Ces expériences amènent les cadres comme les techniciens
d'EDF à se frotter à un univers assez éloigné de la culture de monopole et de
service public en France datant de la loi de 1946 sur le monopole d'EDF. Ce
système français bien spécifique est certainement l'aspect de la gestion d'EDF
le moins exportable à l'étranger, surtout dans le contexte actuel.
EDF International fonctionne uniquement en univers
concurrentiel ce qui est certainement formateur pour le personnel. Les
expériences à l'étranger peuvent, petit à petit, améliorer le service aux
consommateurs en France en tirant les leçons des autres. Ainsi, à EDF
International, on reconnaît que l'on a beaucoup à apprendre de Sydkraft, le deuxième électricien suédois avec qui EDF
travaille dans le sud de la Suède, dans le domaine du service à la clientèle.

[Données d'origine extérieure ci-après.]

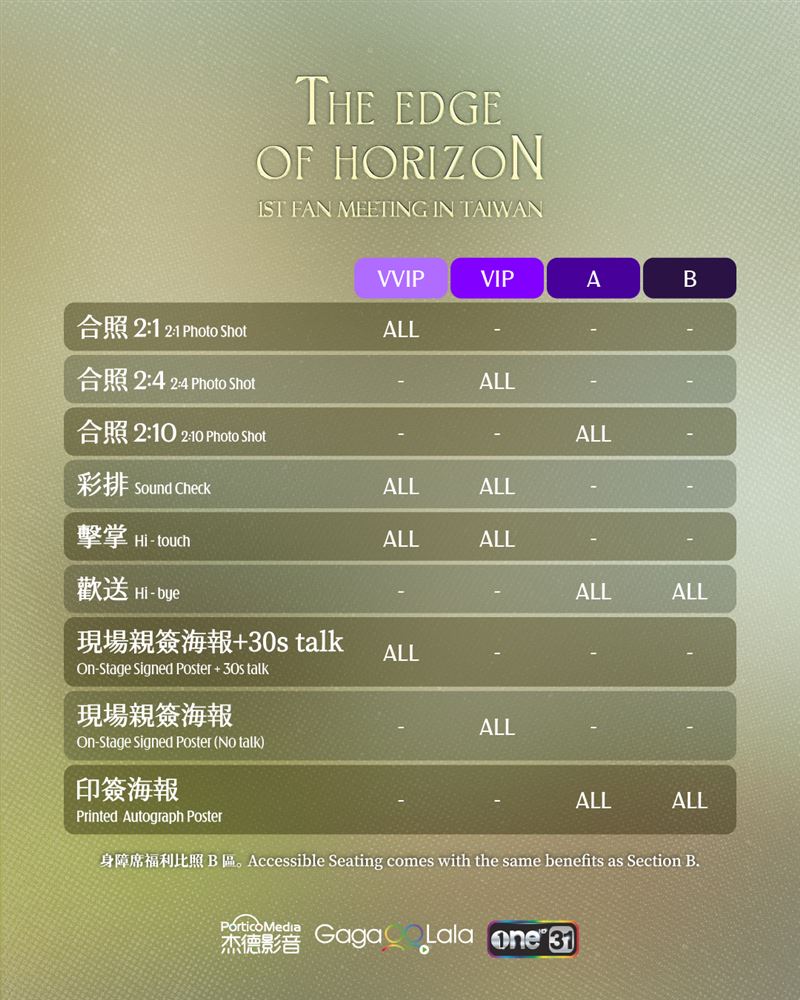 Inn、Ongsa見面會共分4種票種,每種票種有相對應的福利。(圖/GagaOOLala提供)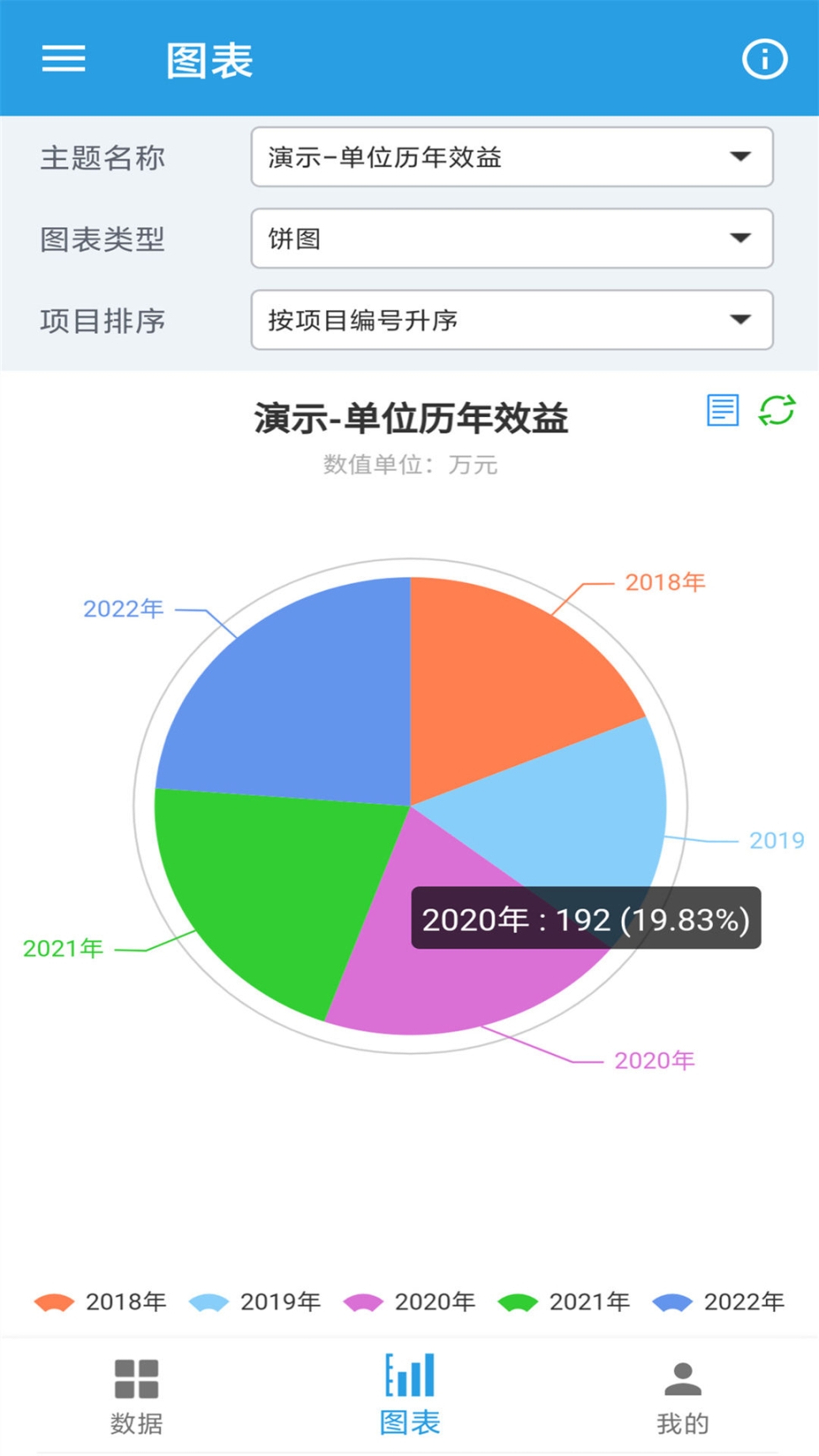 图表生成器免费手机版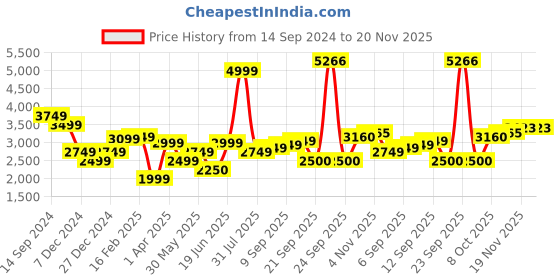 tatacliq.com Allen Solly Yellow Regular Fit Blazer allen solly Price History Graph from 14 Sep 2024 to 19 Nov 2025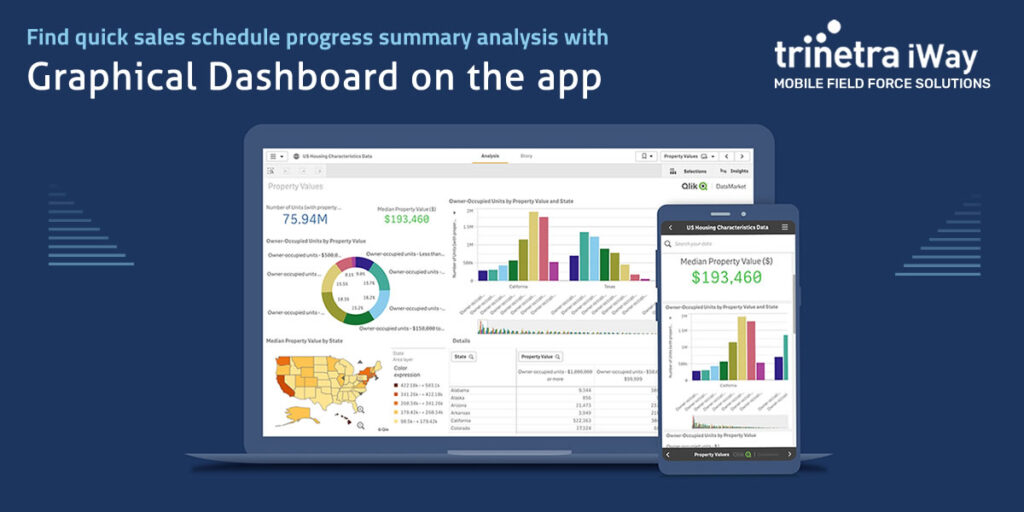 Find quick sales schedule progress summary analysis with graphical dashboard on the app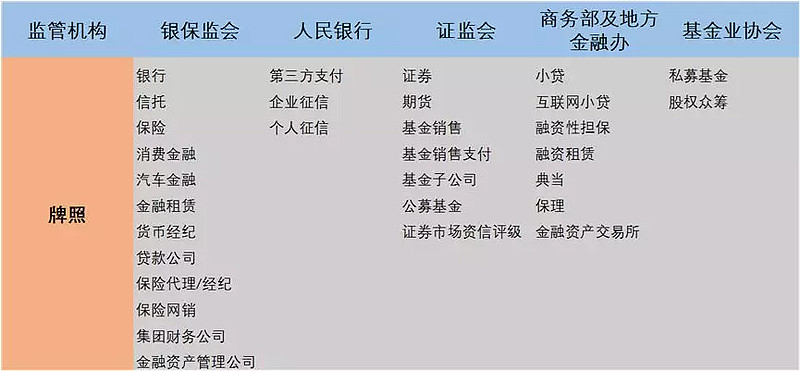 金融牌照热再度袭来监管审批越来越严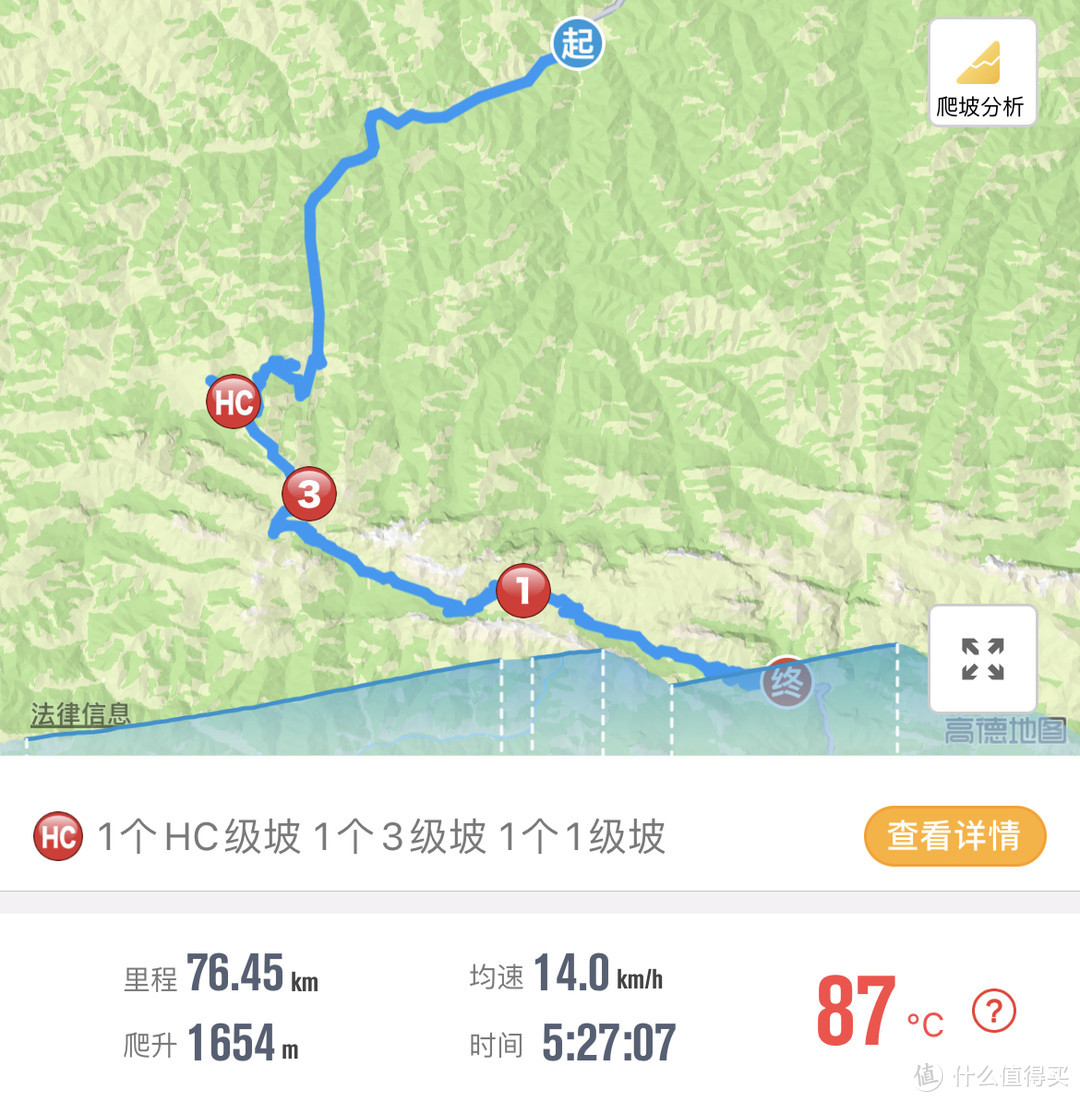 骑行穿越洛克之路，10天爬升15000米从甘南到川西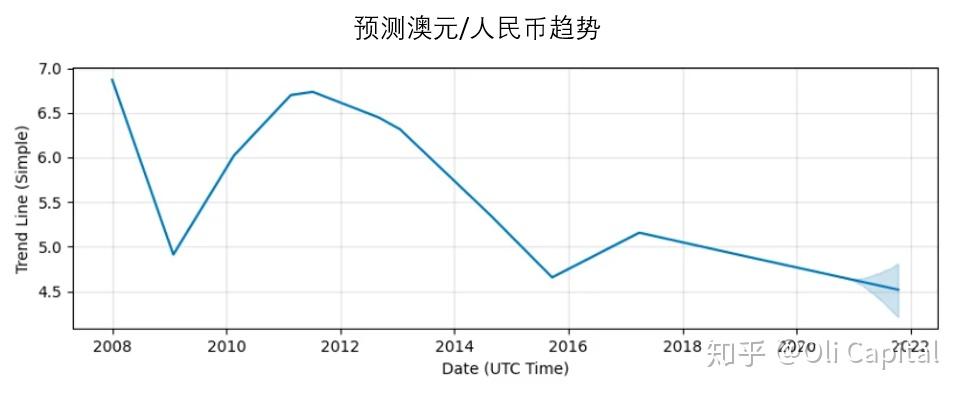 澳元兑人民币汇率走势_澳元兑人民币汇率走势k线图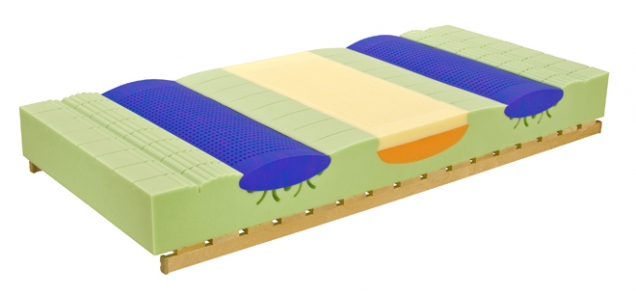 Matrace Elastic Cool Flex (PURTEX)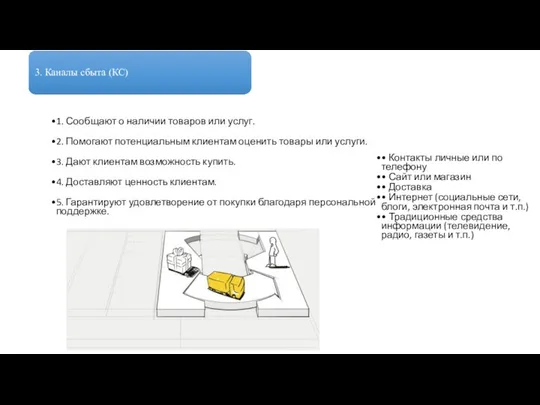 3. Каналы сбыта (КС) 1. Сообщают о наличии товаров или услуг.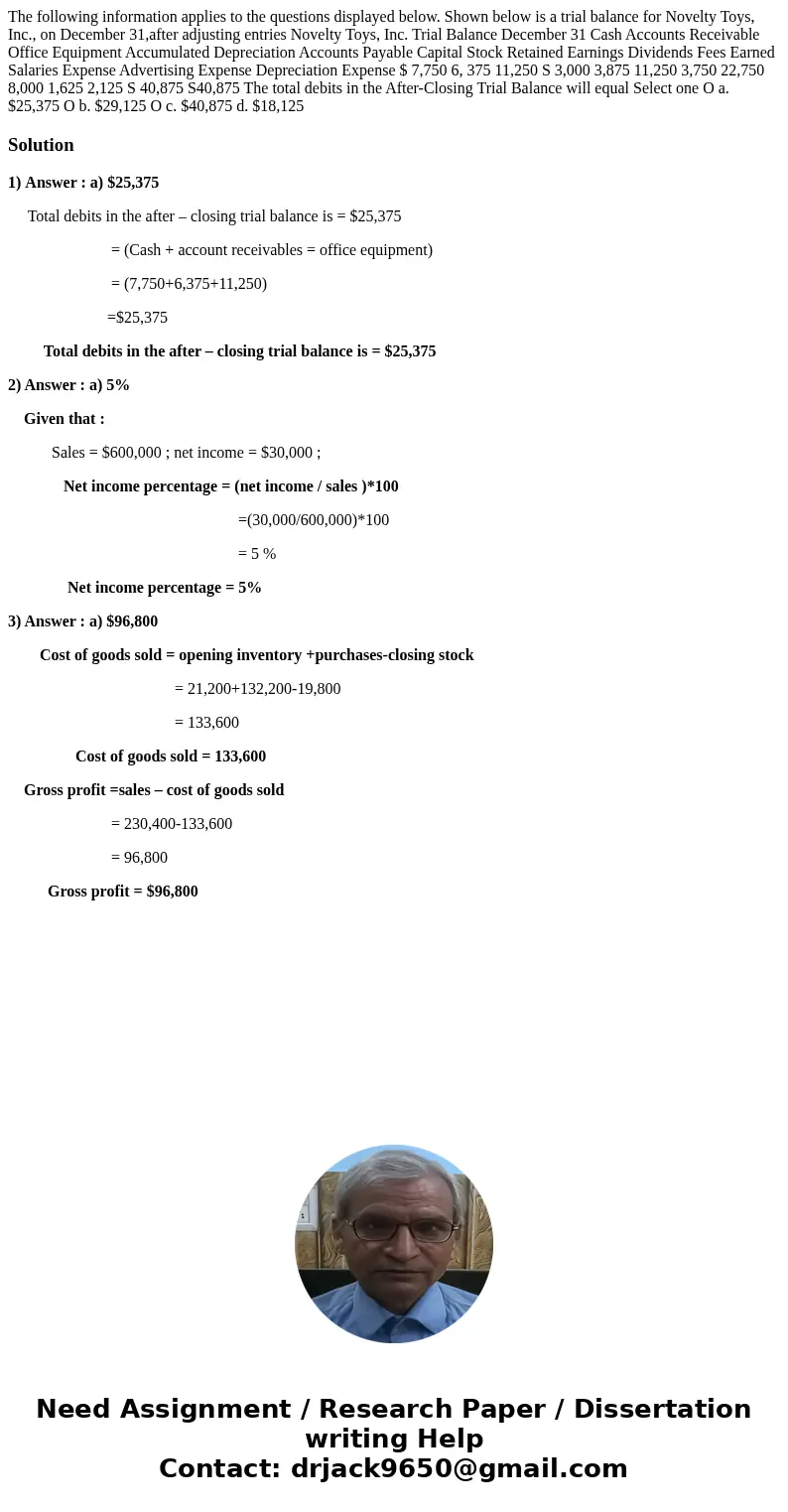 The following information applies to the questions displayed below. Shown below is a trial balance for Novelty Toys, Inc., on December 31,after adjusting entri  The following information applies to the questions displayed below. Shown below is a trial balance for Novelty Toys, Inc., on December 31,after adjusting entri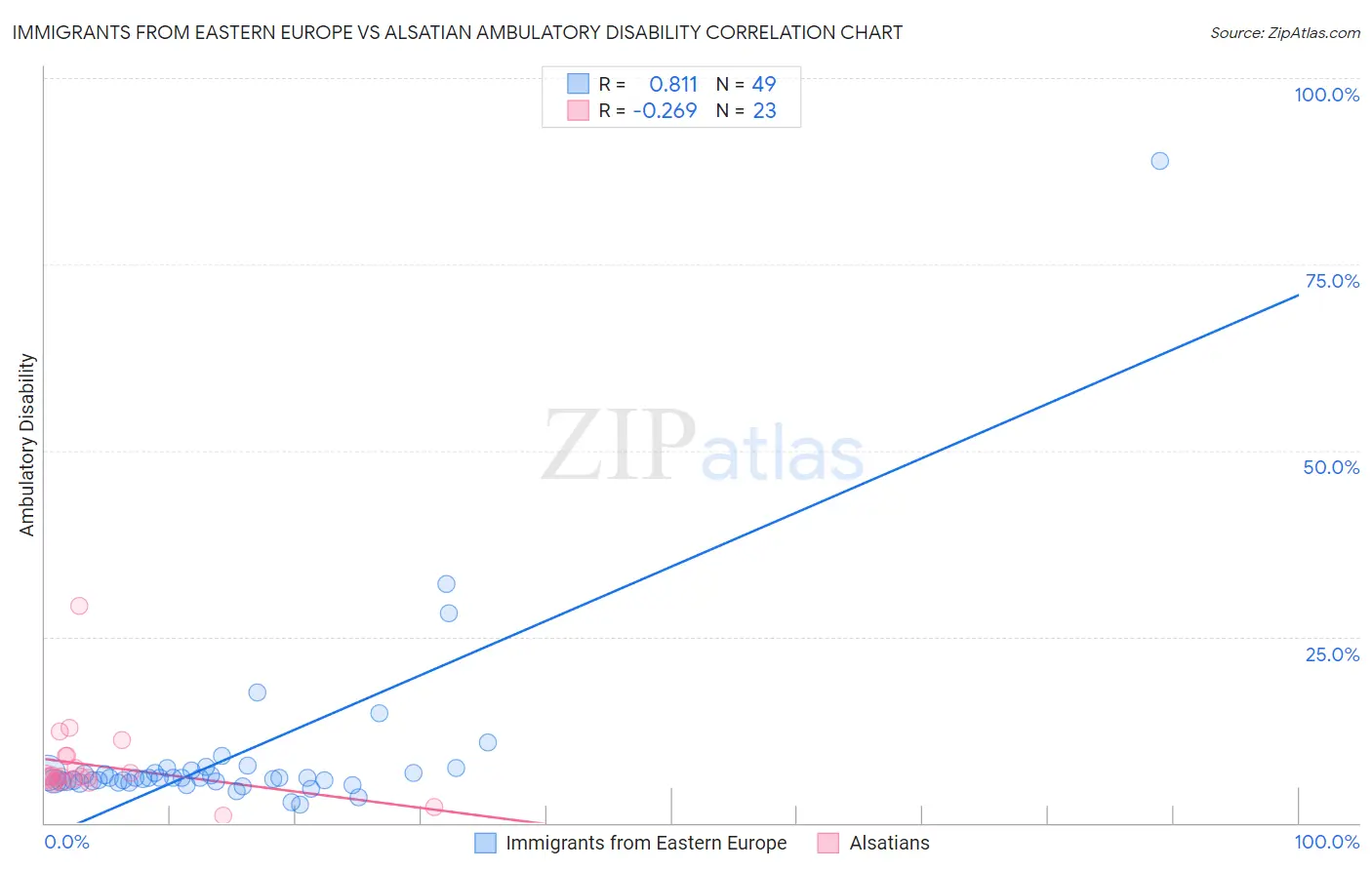 Immigrants from Eastern Europe vs Alsatian Ambulatory Disability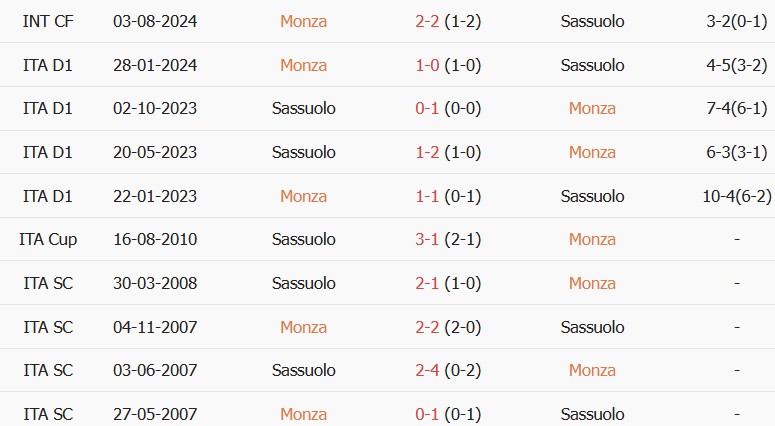Soi kèo góc Monza vs Sassuolo, 01h45 ngày 19/09 - Ảnh 3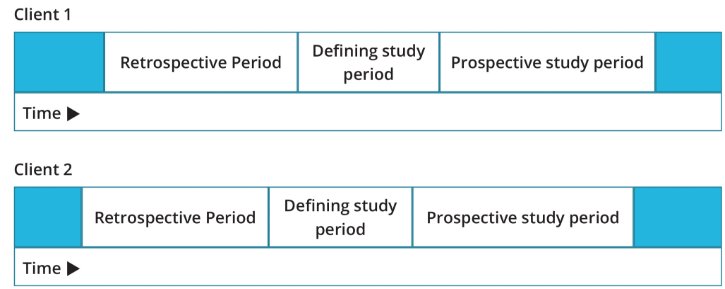 The static image shows two example clients and how the design of the defining study period length (which is fixed) and client selection means that the start and end study period dates for each client will vary. This means that the defining study period, which is defined by the client meeting a particular condition in a particular time interval, will have different start and end dates for each client, based on when they first met the condition. This variation also applies to the retrospective and prospective study period dates which are also a fixed length and calculated based on the defining period start and end dates. This allows for a consistent sampling time for each client; variables from any support periods that start within these study period intervals will be aggregated (summarised) into those intervals.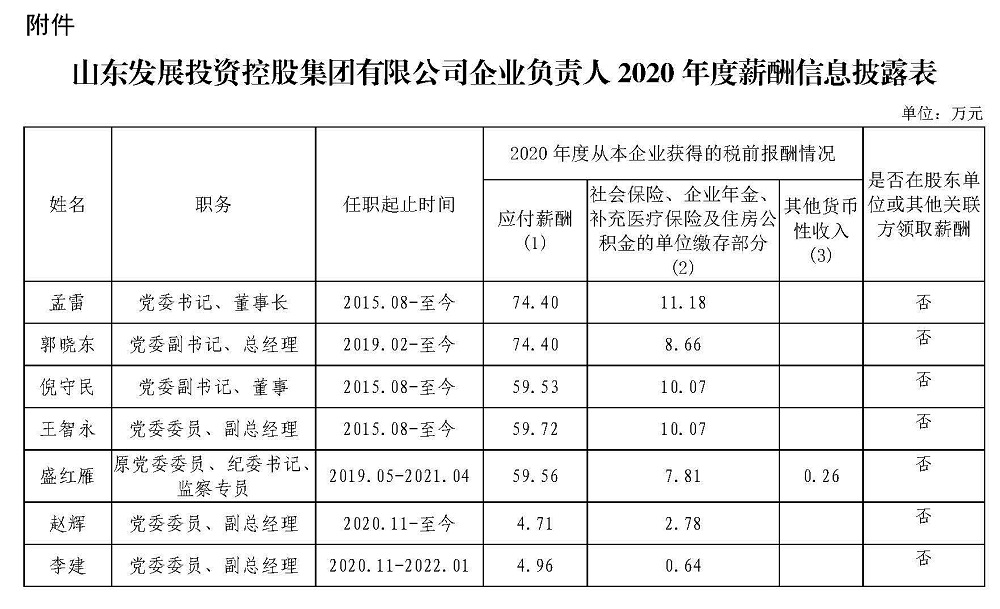 湖州新利商标制带有限公司企业负责人2020年度薪酬信息披露表.jpg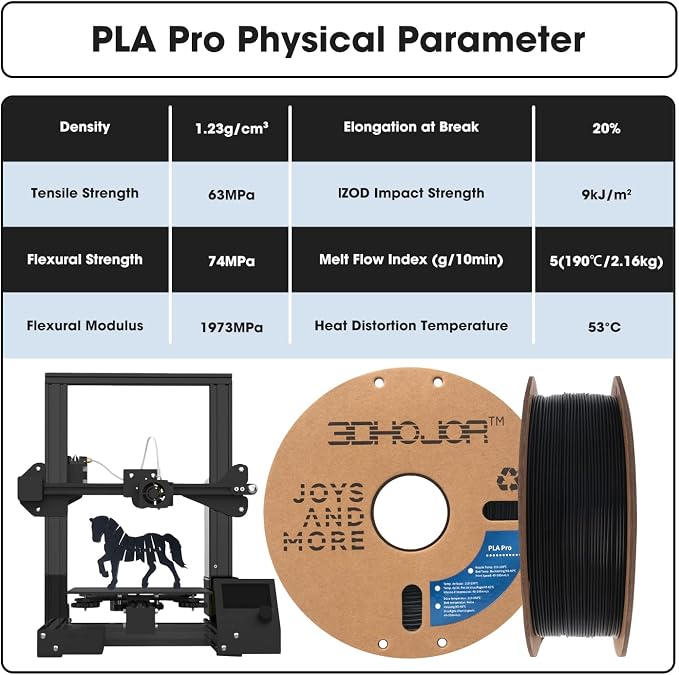 3DHoJor PLA Pro (PLA+) Filament 1.75mm 3D Printing Filament Bundle 1kg*2 (4.4lbs) Dimensional Accuracy +/- 0.03 mm-2 Pack Black+Cold White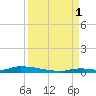Similar Sound tide chart for Monday, September 1, 2025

" Si vous comptez l'ensemble des gens qui ont été
amenés à travailler à l'étranger ou travaillent sur des contrats de services de
la Chine à l'Argentine, cela fait autour de 1200 1300 personnes. Au bout d'un
certain temps, vous aurez plusieurs milliers d'employés de l'EDF qui auront été
en contact avec des réalités très différentes des réalités françaises, ce qui
est très important pour le futur ", explique Robert Diethrich, General Manager d'EDF
International.
Alors que le personnel d'EDF s'élèverait contre la moindre
proposition de privatisation, à EDF international, on se félicite de chaque
privatisation à l'étranger en essayant de remporter les appels d'offres qui y font
suite.
En fait, la création d'EDF international en dehors de sa
contribution au maintien de l'emploi à EDF dans les années à venir correspond,
comme le reconnaissent ses dirigeants, à une volonté de s'informer sur la façon
dans la privatisation se déroule dans des pays proches comme l'Italie ou la
Grande Bretagne et à en tirer des leçons pour ne pas être pris au dépourvu le
jour où quelque chose de semblable se passerait chez nous.
On pourrait comparer cette attitude avec celle des
dirigeants de France-Telecom qui, quand ils ont senti
le vent de la concurrence sur le marché intérieur, s'approcher, ont décuplé
leurs efforts de marketing.
De toute façon, explique Robert Diethrich,
qui n'applaudirait pas à l'exportation de notre savoir-faire en matière de
centrales électriques, savoir faire reconnu à l'étranger comme le montrent les
contrats remportés par EDF International, ainsi qu'à l'ouverture du personnel
d'EDF à ce qui se passe au delà de l'hexagone.